§ **Given material**:
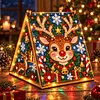 DIY Wooden Diamond Painting Pearl Tent House with Lights, Holiday Tabletop Art Craft Kit with String Lights, Christmas Home Decor Gift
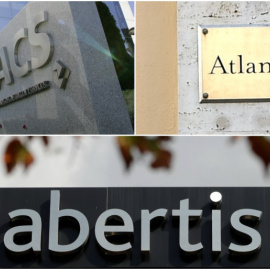 Los logos de ACS, Atlantia y Abertis, en sus respectivas sedes en Madrid, Roma y Barcelona. REUTERS/E.P./AFP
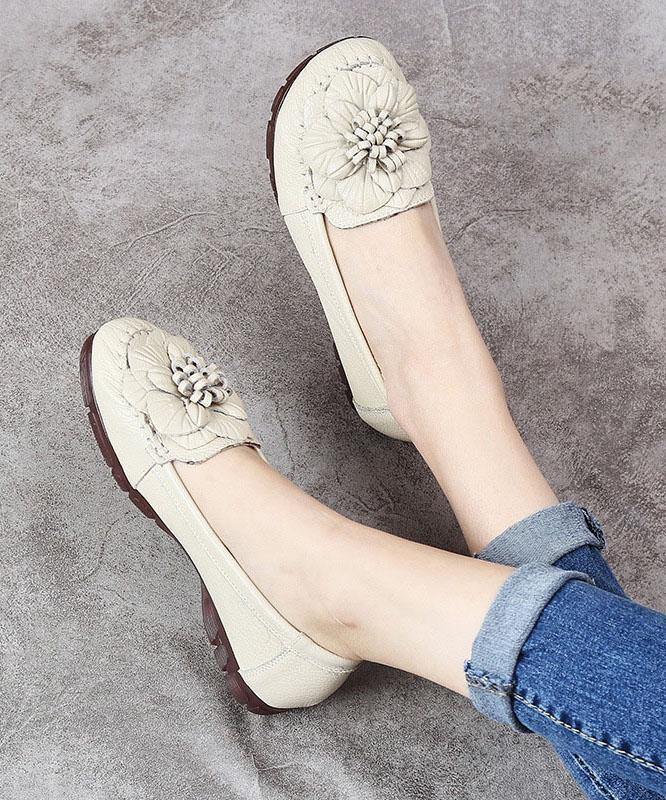 Black Bow Flat Shoes Genuine Leather Handmade Flat Shoes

§ **Instructions to follow**: From the first line to the last, repeat the data above exactly and leave the pictures out.

§ **Exercise output**:
 DIY Wooden Diamond Painting Pearl Tent House with Lights, Holiday Tabletop Art Craft Kit with String Lights, Christmas Home Decor Gift
 Los logos de ACS, Atlantia y Abertis, en sus respectivas sedes en Madrid, Roma y Barcelona. REUTERS/E.P./AFP
 Black Bow Flat Shoes Genuine Leather Handmade Flat Shoes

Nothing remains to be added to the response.